• MATERIAL FOR THIS EXERCISE:
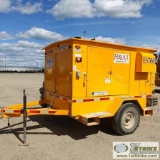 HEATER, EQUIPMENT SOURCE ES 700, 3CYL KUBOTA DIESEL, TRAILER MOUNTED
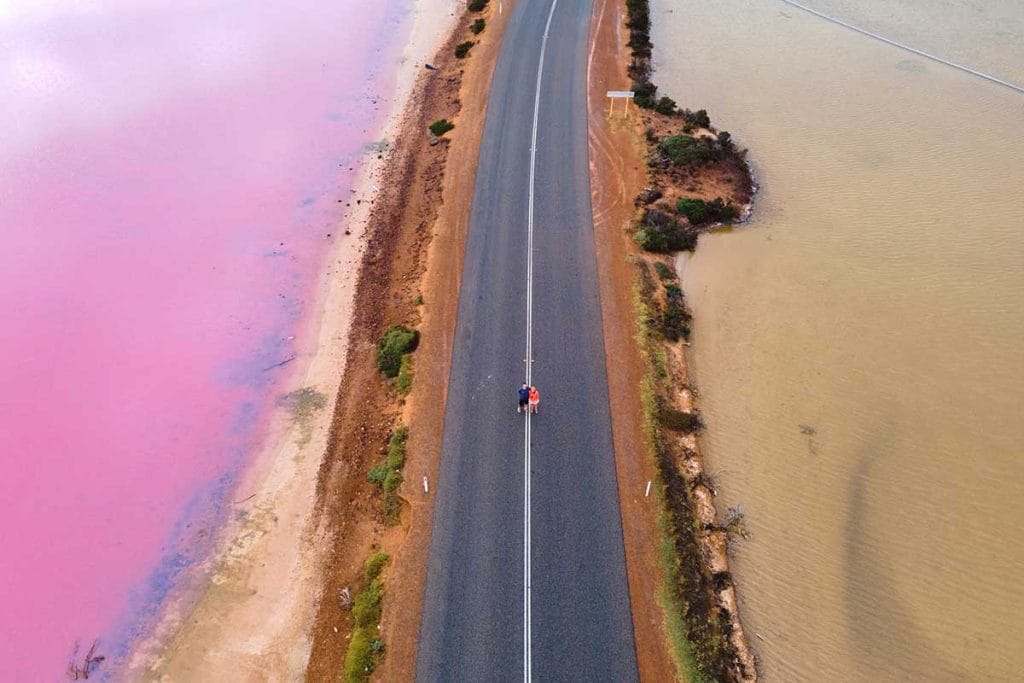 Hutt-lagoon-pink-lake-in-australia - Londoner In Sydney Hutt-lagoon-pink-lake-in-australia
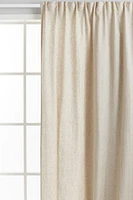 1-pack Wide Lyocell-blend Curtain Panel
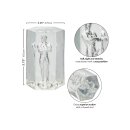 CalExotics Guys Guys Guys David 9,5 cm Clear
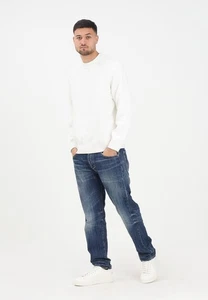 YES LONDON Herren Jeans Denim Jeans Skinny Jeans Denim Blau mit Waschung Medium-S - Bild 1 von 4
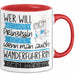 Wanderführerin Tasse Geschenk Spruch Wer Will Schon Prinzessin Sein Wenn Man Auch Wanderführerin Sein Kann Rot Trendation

...

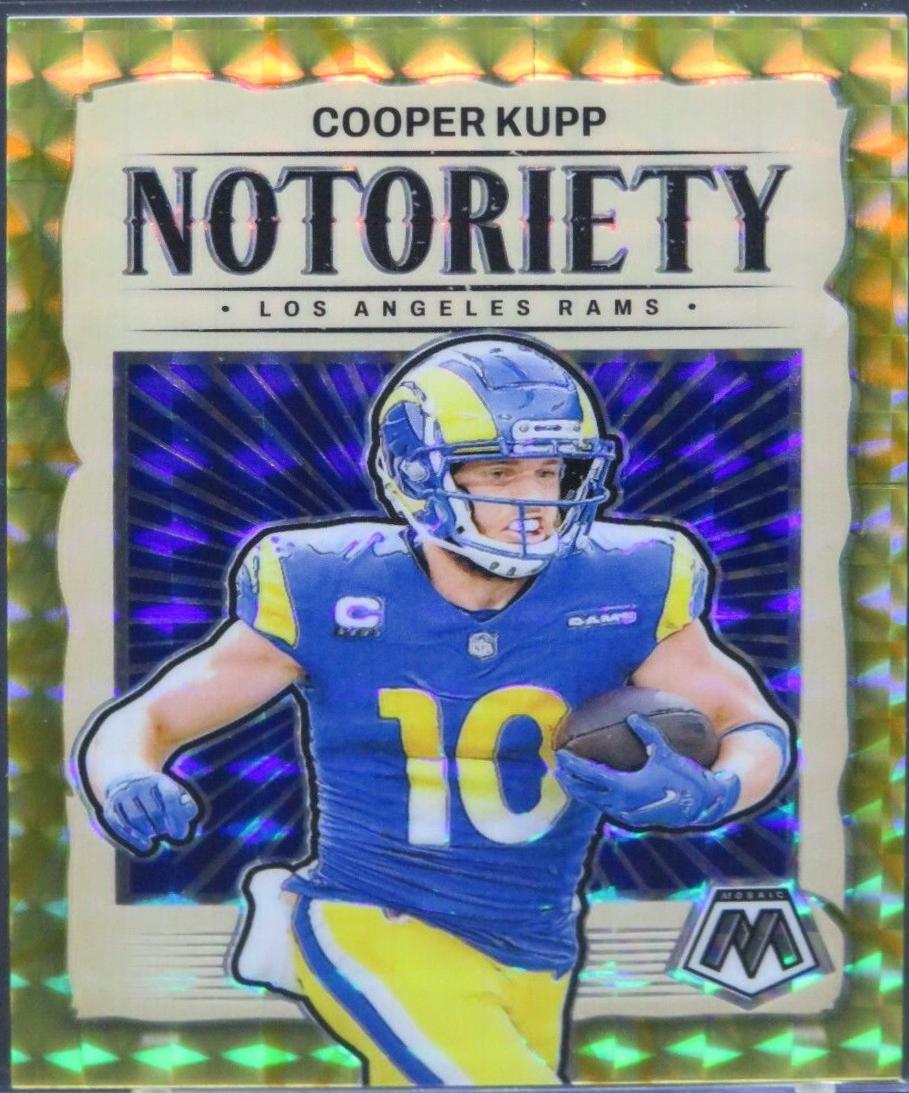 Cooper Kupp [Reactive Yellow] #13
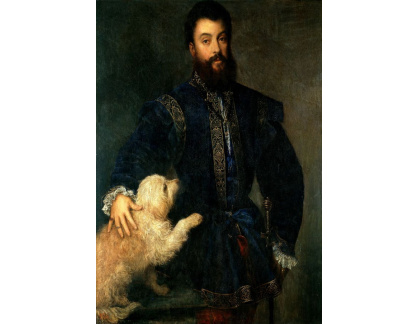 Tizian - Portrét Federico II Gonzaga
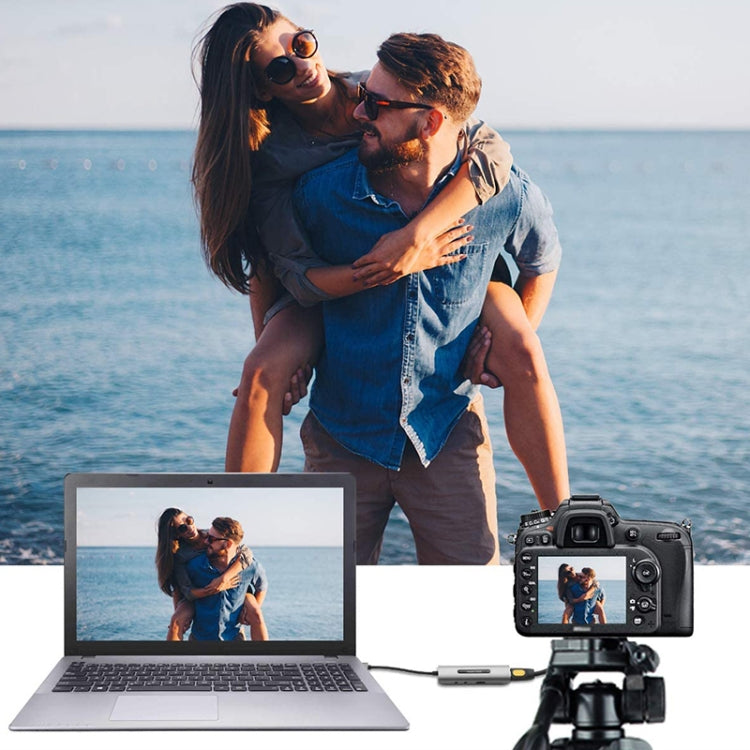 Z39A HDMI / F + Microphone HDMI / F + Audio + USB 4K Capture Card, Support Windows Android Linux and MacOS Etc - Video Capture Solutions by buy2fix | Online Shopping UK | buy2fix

--

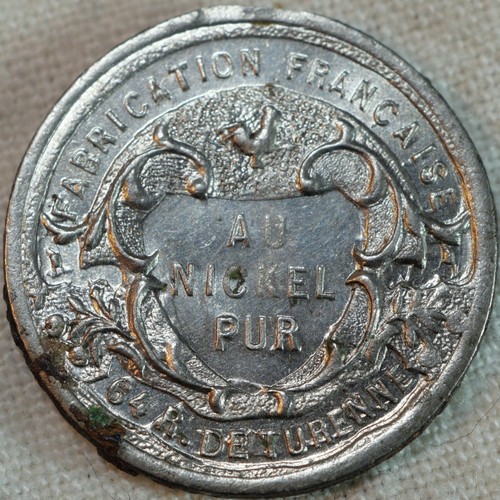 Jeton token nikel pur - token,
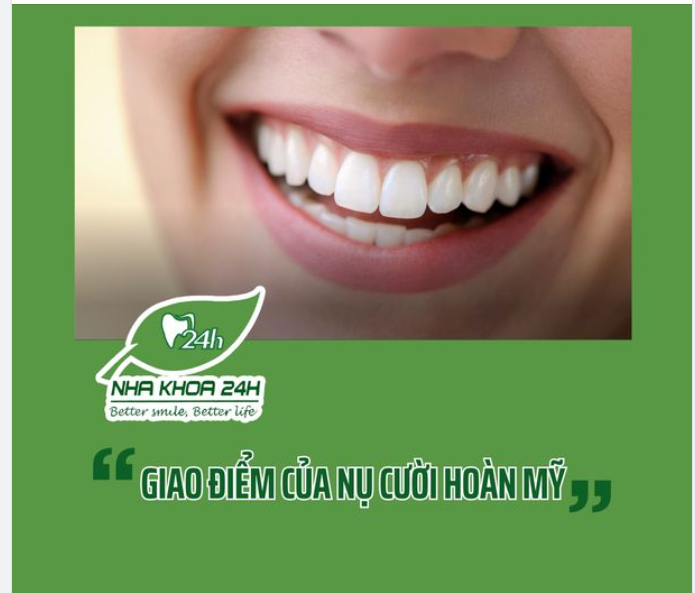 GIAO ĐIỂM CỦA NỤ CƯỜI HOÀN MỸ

• EXERCISE PROMPT: An exact copy is needed of the stretch above that opens with the line containing "HEATER, EQUIPMENT SOURCE" and closes with the line containing "Wanderführerin Tasse Geschenk"; the pictures are not part of it.

• RESPONSE:
 HEATER, EQUIPMENT SOURCE ES 700, 3CYL KUBOTA DIESEL, TRAILER MOUNTED
 Hutt-lagoon-pink-lake-in-australia - Londoner In Sydney Hutt-lagoon-pink-lake-in-australia
 1-pack Wide Lyocell-blend Curtain Panel
 CalExotics Guys Guys Guys David 9,5 cm Clear
 YES LONDON Herren Jeans Denim Jeans Skinny Jeans Denim Blau mit Waschung Medium-S - Bild 1 von 4
 Wanderführerin Tasse Geschenk Spruch Wer Will Schon Prinzessin Sein Wenn Man Auch Wanderführerin Sein Kann Rot Trendation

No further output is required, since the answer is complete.